The Economy. Does it Really Matter?

I caught Newsnight this week. I try to avoid doing this because it winds me up. However, this week it was actually quite interesting and, dare I say it, thought provoking. 


Jeremy (let's call him Jer) was attempting to stimulate debate on the alternatives to capitalism following David Cameron's statement in the week about moral capitalism. Capitalism that was socially irresponsible. A type of capitalism that must be stopped. 


Bastion of the far left and son of a marxist theorist Ed Miliband agrees with him. And not to be left out, Nick Clegg fancies helping us develop a "John Lewis" economy where everyone owns a wee bit of the company they work for. How egalitarian. 


Maybe I've missed something but it would seem to me that there is a subtle political revolution which is steering us more and more in the direction of communism? And I say communism, rather than socialism. A society which has common ownership of production at its very heart. (Not people). 


The flavour of the Newsnight discussion intrigued me. Jer brought on a well known Marxist to tell us why and how capitalism was doomed to failure. Then failed to interview him well. Keynsian economics theory was referred to in the programme as "revolutionary" some 80 odd years after it was first produced but Jer forgot to tell us what that actually meant. 


Revolutionary? Really? 


Either way it's clear that this concept of moral capitalism and economic predators with fat cat bonuses is here to stay. 


However, their rhetoric could be a smokescreen and distraction for what's really happening. 


So, here's how I see it. In our so called "free market" Keynsian society, the following things have happened in very recent years:


Individuals and households up and down the country have been encouraged, programmed and positively been forced down the route that owning your own property is a rite of passage.

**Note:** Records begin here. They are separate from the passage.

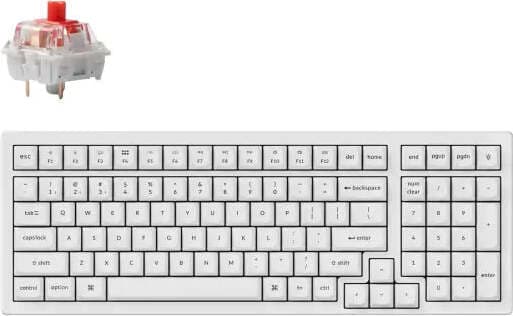 Клавиатура Keychron K4 Pro White (K4P-P1), механична, Hot-Swappable Full-Size K Pro Red суичове, безжична, гейминг, RGB подсветка, бяла, USB, Bluetooth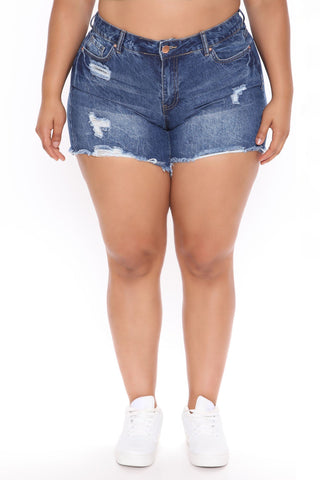 The Mixer Distressed Denim Shorts - Dark Denim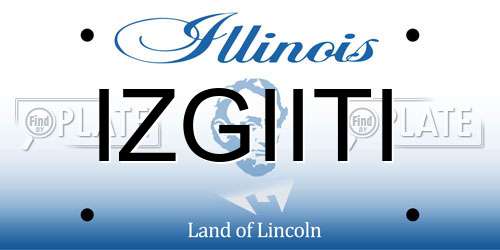 IZGIITI Illinois License Plate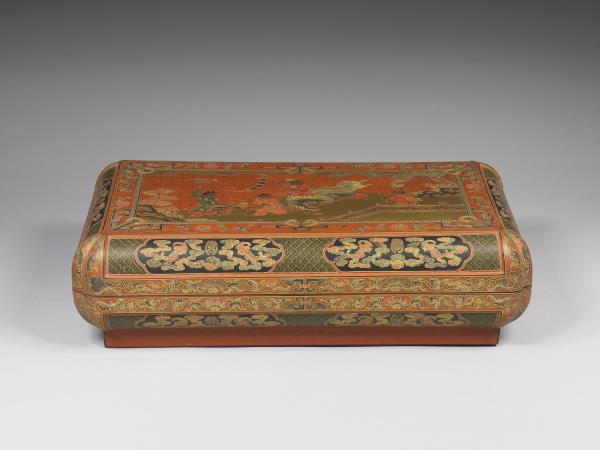 鎗金填漆五穀豐登圖長方盒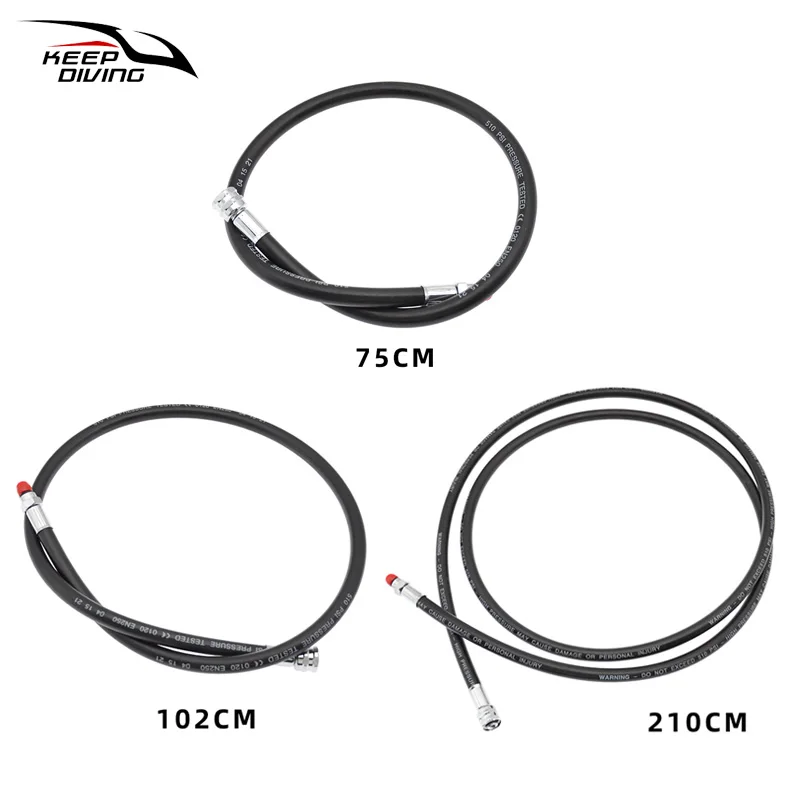 Manguera reguladora de baja presión de segunda etapa para buceo, junta de latón de 510 Psi, accesorio para snorkel, 75CM/102CM/210CM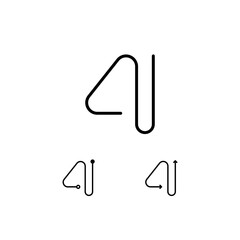 Technical number 4, numeral four made thin in line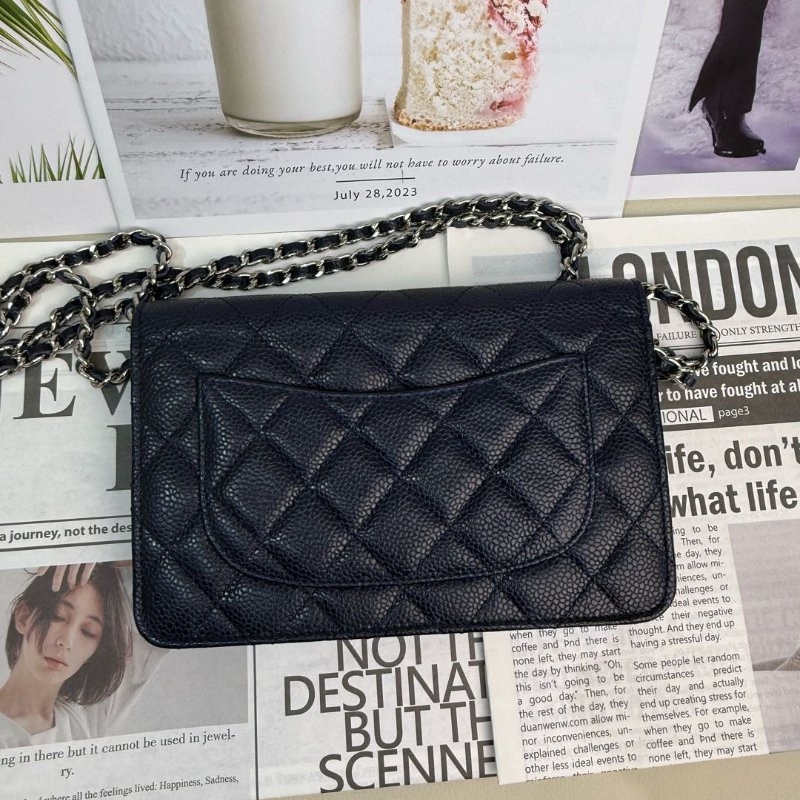 Chanel 斜孭袋 藏藍色 牛皮 Woc 18開-2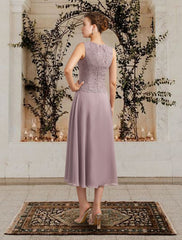 Aimishang  Two Piece A-Line Mother of the Bride Dress Church Elegant Jewel Neck Floor Length Tea Length Chiffon Lace Sleeveless Short Jacket Dresses with Ruffles Appliques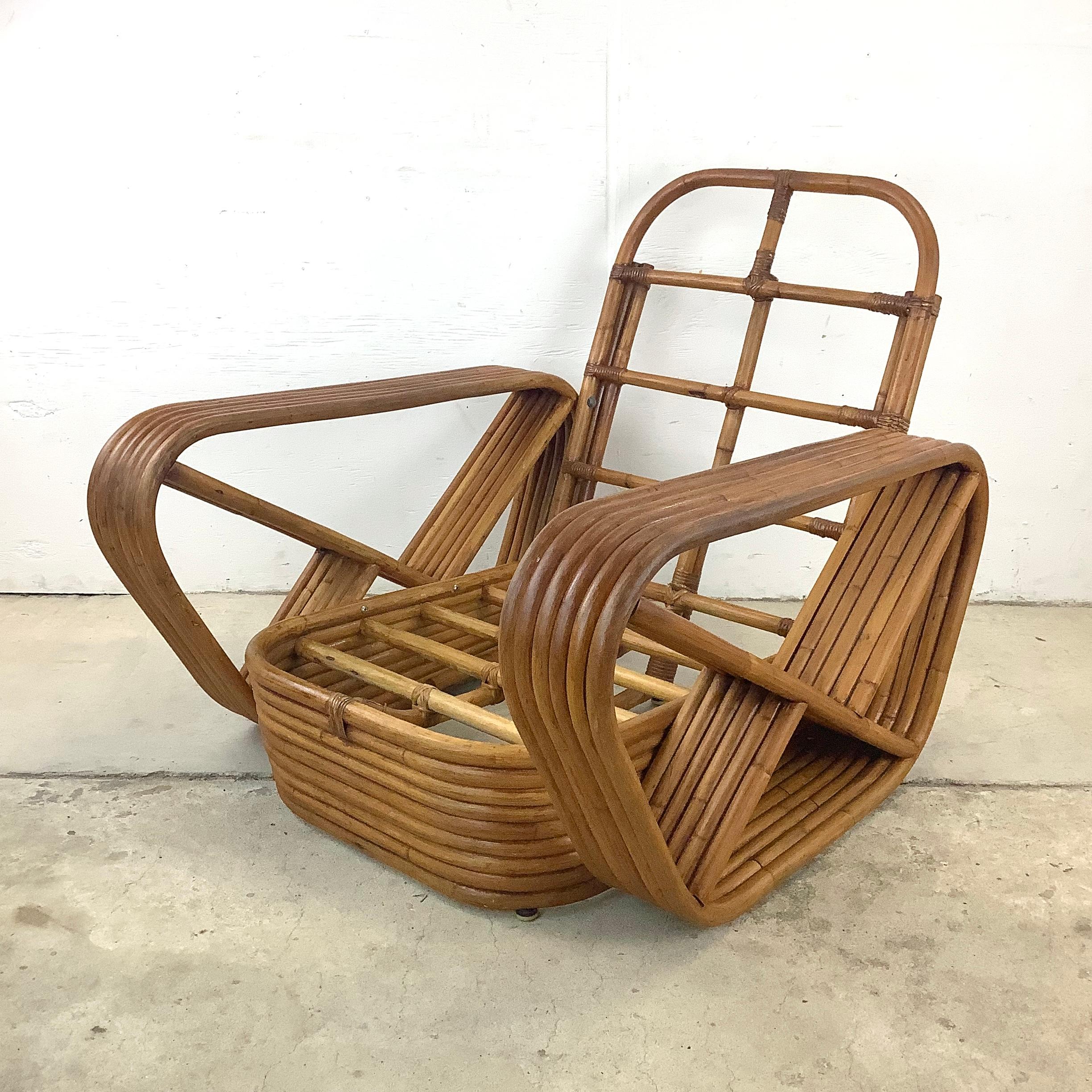 Paul Frankl Style Six-Strand Bamboo Armchair In Good Condition For Sale In Trenton, NJ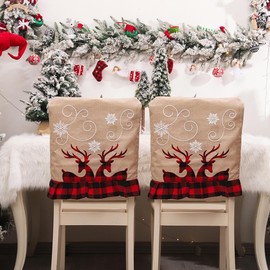 AuMoHall 2 PCS Christmas Chair Covers Linen Chair Back Covers Xmas Dining Room Chair Slipcovers for Christmas Xmas Holiday Party Home Kitchen Deorations 20.47" x 18.89", Xmas Deer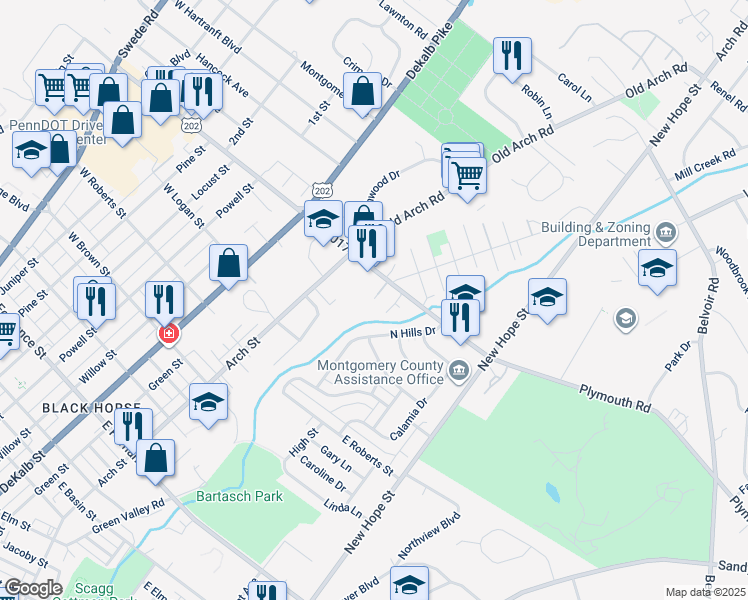 map of restaurants, bars, coffee shops, grocery stores, and more near 37 Zummo Way in Norristown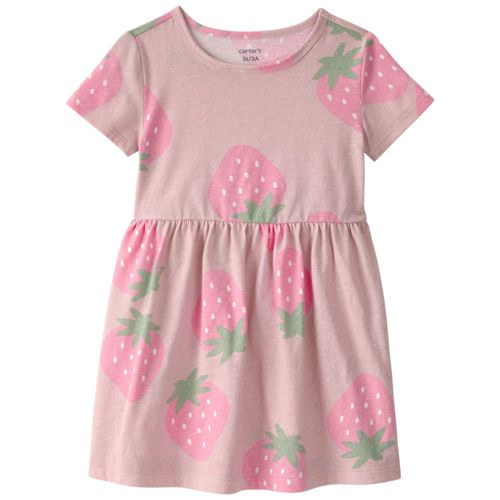 Vestido rosado con estampado de fresas para niña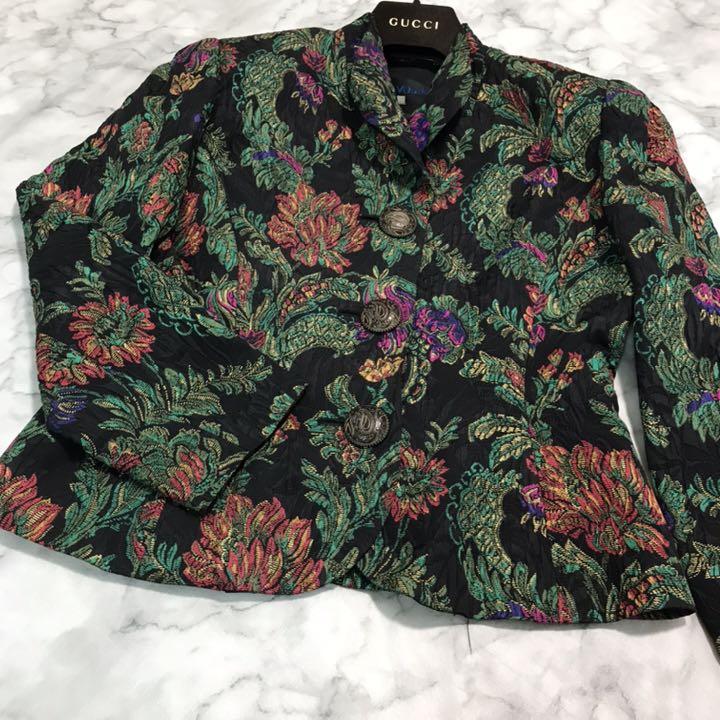得価お買い得 ゴブラン織り 総刺繍 花柄 エスニック オリエンタル シルク混 ごついボタン M 7Wzpf-m85061955839 定番セール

In truth, in Britain and the USA, you're not a real contributing citizen until you've straddled yourself with a 25 year debt amounting to tens of thousands of pounds through which you will actually pay more than double the actual cost of your property. 


This lending has been made free and easy by the capitalist (and, don't forget, evil) banks that ultimately control whether our economy stands or falls. They alone, we are led to believe, have the power. Not governments. And not the people.  


These banks soon found out that not everyone actually has the ability to pay these onerous, 25 year loans. So they did what any self-protecting capitalist venture would do and minimised their liabilities. Only, in their case, they found a way to do it which kept the debt "in play" as an asset. In so doing, creating a chain of transactions which, at best, could only be described as a game that combined the best of Russian Roulette and "The Weakest Link". 


As with any weak link in a chain, it will eventually break and, like a pile of dominoes, the effects are compound. In what felt like an extremely short period of time, our banks began to fall. And the people bailed them out one by one. State owned banks in a capitalist society. Who would have thought it possible?


Taking one bold step further towards a Marxist economy, as a country we are now in an interesting position where thousands of households "own" a mortgage debt, lent to them by banks which are now owned in a large part by the government which is in turn "owned" by the people of the country. The rest of us rent council properties. Which are owned by the government. Which owns the banks. Hmmmmmmm. 


In the background, electricity and gas companies battle with market pricing mechanisms and a consumer base that is continually telling them that they can't afford to pay those prices. Transport companies are lambasted for pushing up fares beyond which consumers can afford to pay. We've even had one politician suggest that the rich should pay the fares for the "ordinary" man. Robbing the rich to give to the poor. Robin Hood would be proud. 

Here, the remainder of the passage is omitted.